On Wednesday, Council of Economic Experts of Germany, which advises Chancellor Angela Merkel said that the exit of the United Kingdom from the European Union should be prevented because of the “far-reaching impact” that Brexit would have.
In its annual report, the council said that if Britain does withdraw from the bloc, an agreement that would minimise the damage for both sides is required.
The experts said that with negotiations possibly to continue for longer than the two years visualized by European Union rules, a one-time extension period should be granted.
“There is still a risk of an uncontrolled exit and sudden adjustment reactions by economic agents,” said the report. “Conversely, the possibility of the UK staying in the EU can’t be completely excluded.”

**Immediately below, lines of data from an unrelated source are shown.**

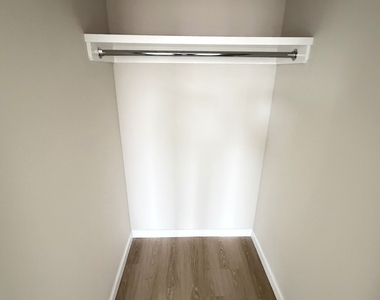 183-03 Hillside Avenue - Photo Thumbnail 18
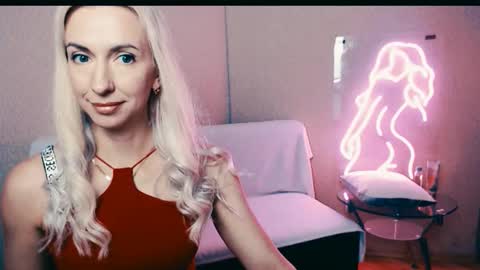 cute_smile_shy online show from September 13, 5:37 pm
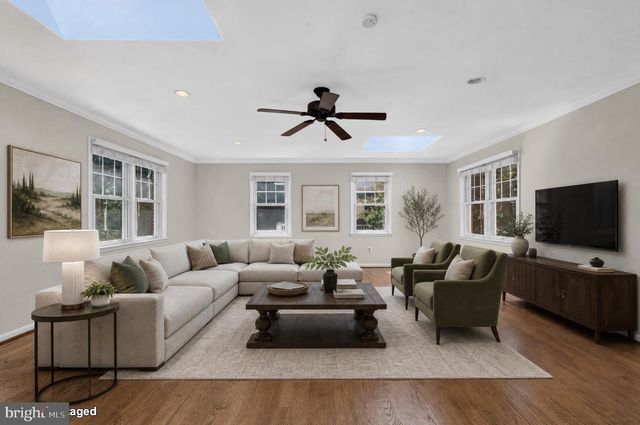 1811 N RANDOLPH ST, Arlington, VA 22207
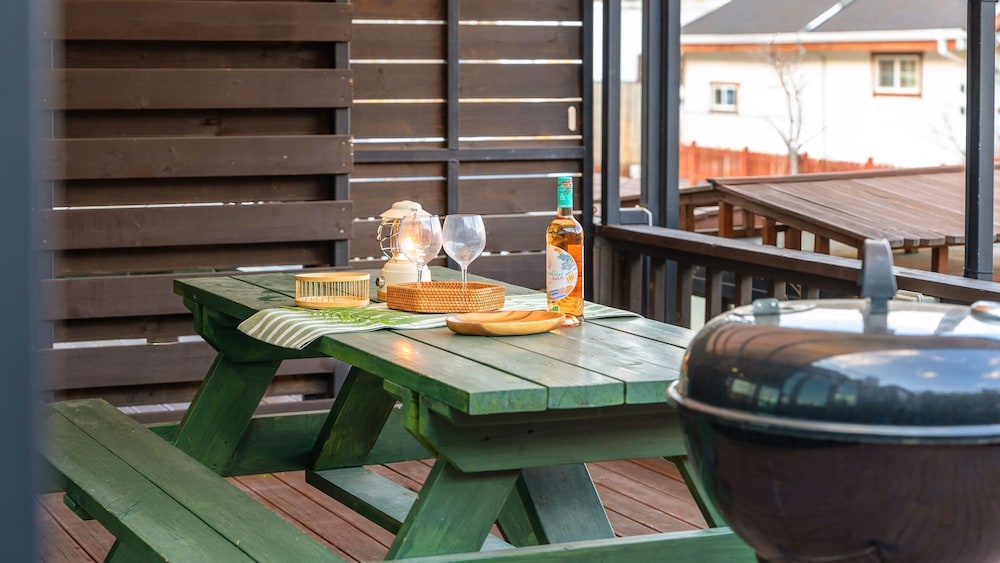 Gyeongju Jamjam Kids Pool Villa Pension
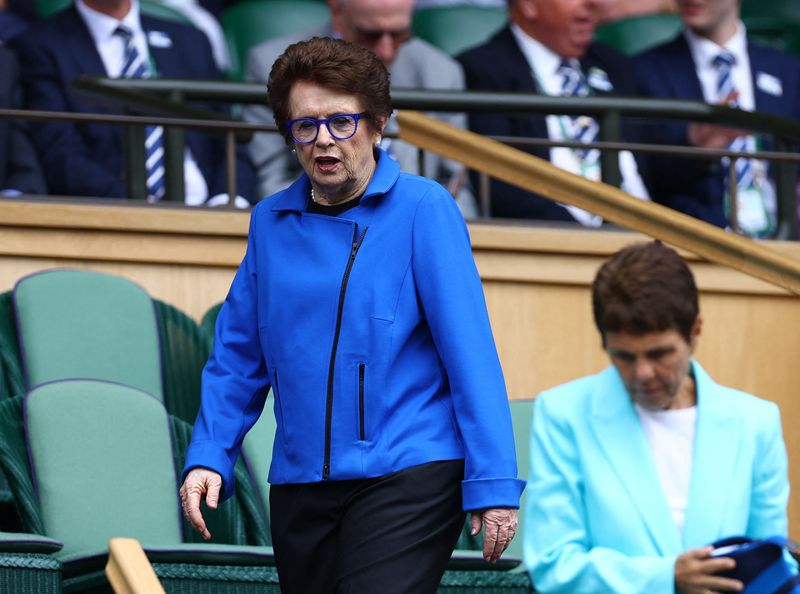 &copy; Reuters. FILE PHOTO: Tennis - Wimbledon - All England Lawn Tennis and Croquet Club, London, Britain - July 13, 2024 Former tennis player Billie Jean King is seen in the royal box before the women's singles final match between Czech Republic's Barbora Krejcikova an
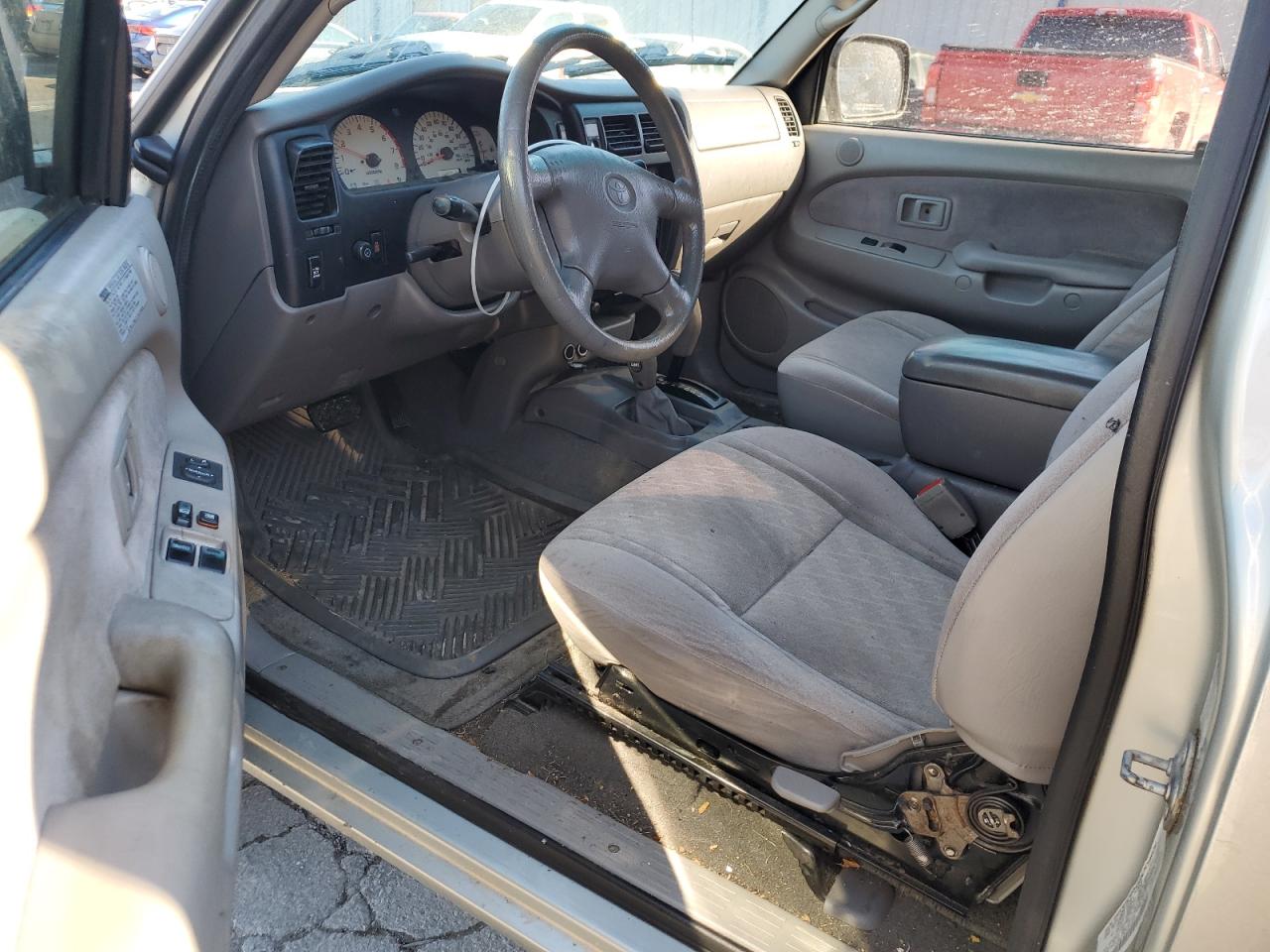2004 Toyota Tacoma - Image 8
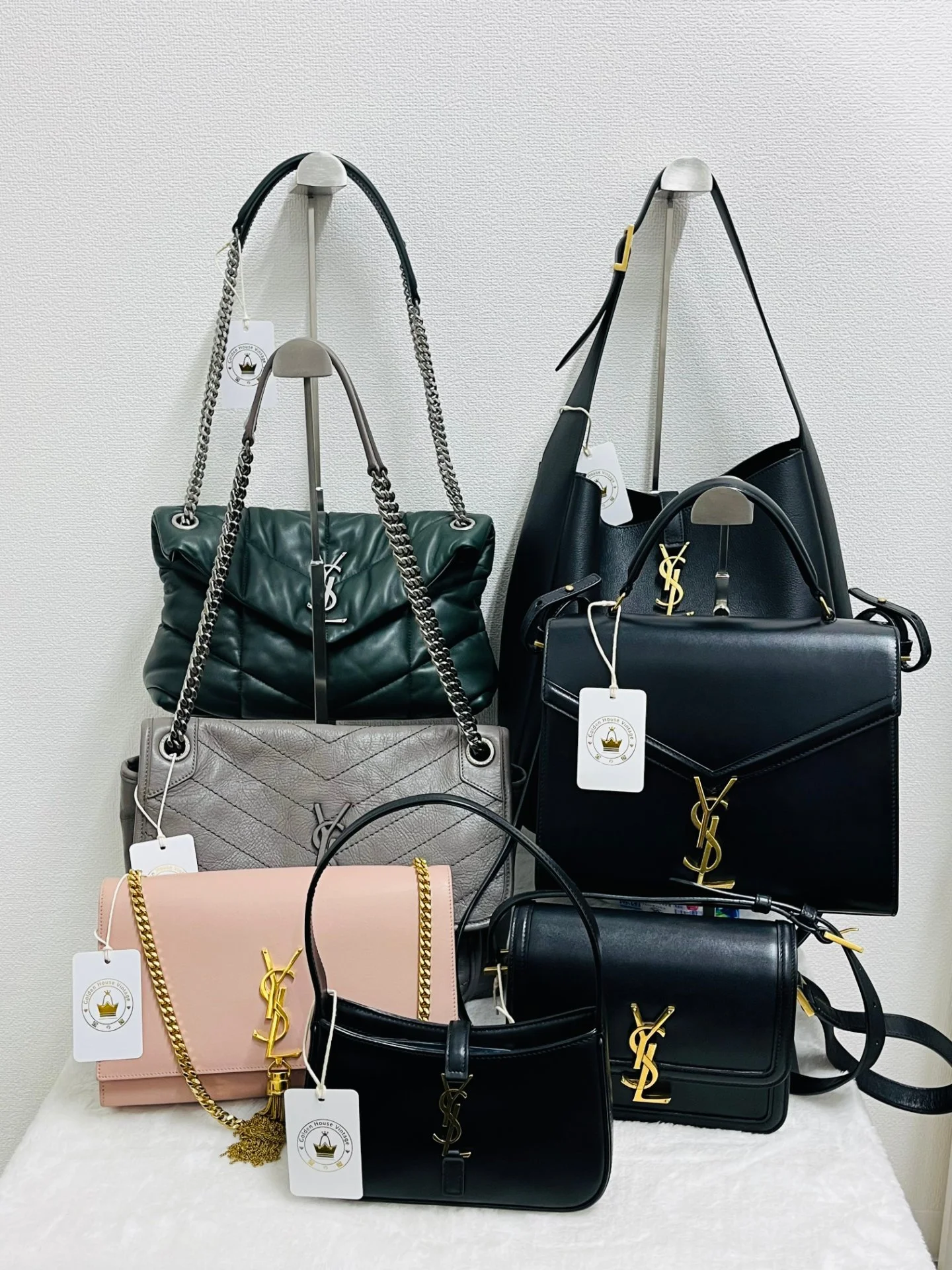 サンローランのバッグが並ぶ展示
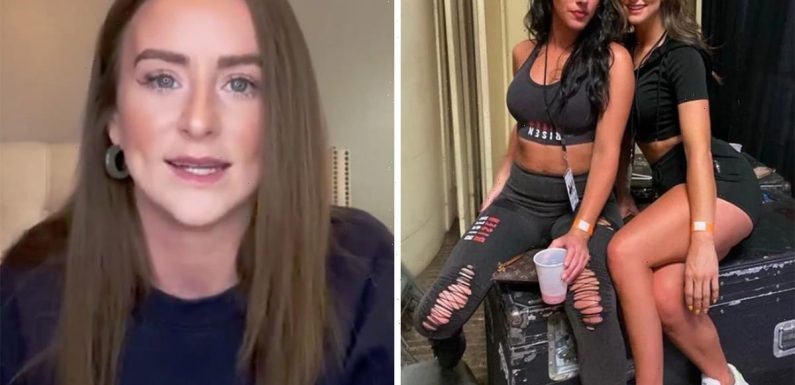 Teen Mom Leah Messer accused of 'photoshopping' her legs as she poses in hotpants and crop top with a friend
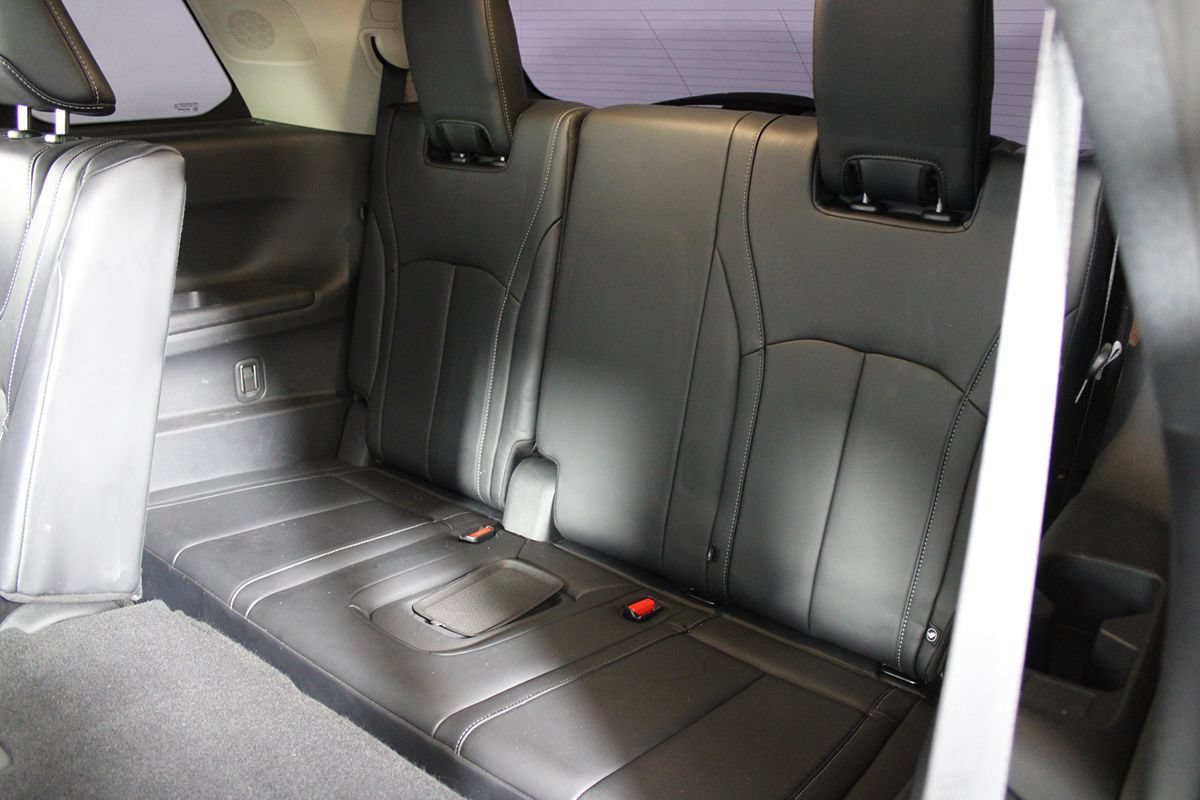Used 2023 INFINITI QX60 Luxe w/ Cargo Package AWD/4WD image 39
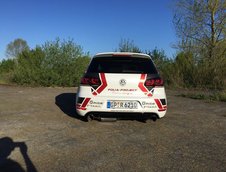 VW Golf GTI cu perne de aer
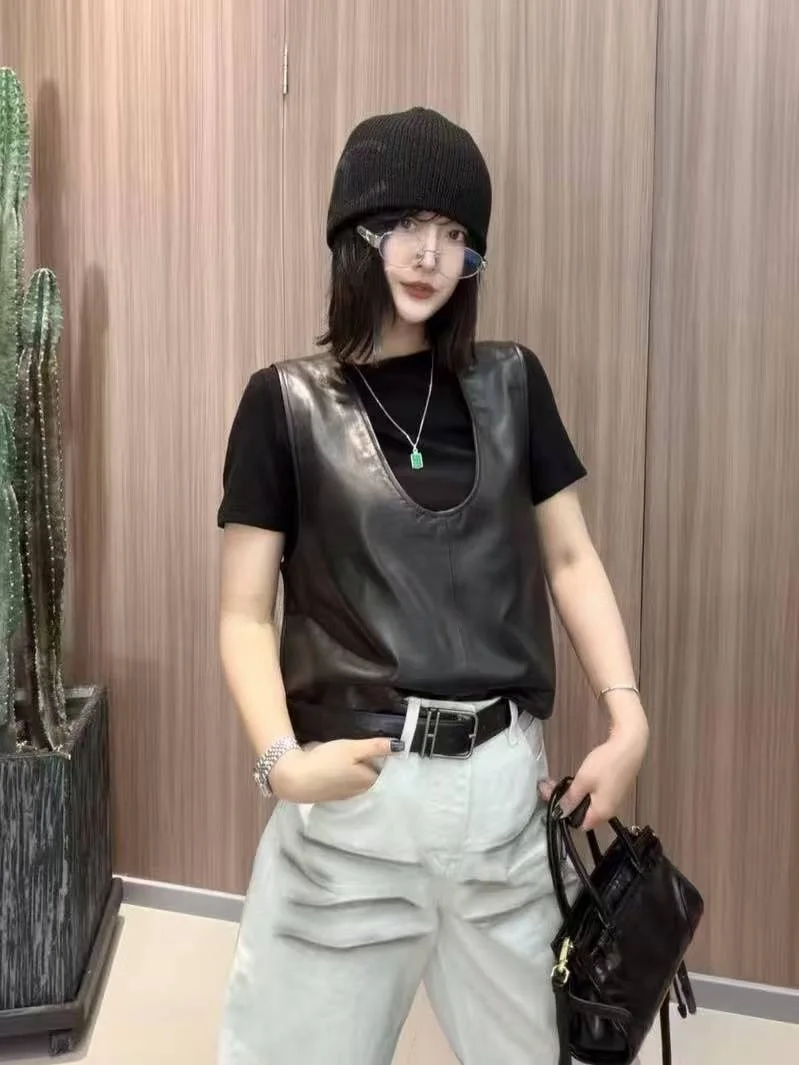 

2025 New Style Women's Sheepskin Vest Sleeveless Crop Top Slim Fit Versatile Casual Wear Zipper Closure Short Length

The European Union will start talks on what the 27 countries require from a Brexit transition deal, seeking for a united stance that they can present to the United Kingdom once discussions break out of the current deadlock.
Both sides are expecting that discussions on trade and the transition can progress ahead after a European Union summit in mid-December.
The advisers of the German government also suggested the European Central Bank to stop its bond-buying program earlier than planned and consider increasing interest rates.
They stated that financial market stability risks has risen even in the absence of threats of deflation in the 19-nation euro area.
“On the one hand there’s a risk of excessive asset prices, especially in the residential real estate and bond sectors, and on the other hand, the interest-rate change risk at banks has increased significantly,” said the council.
“The ECB should therefore urgently communicate a comprehensive strategy for the normalisation of its monetary policy.”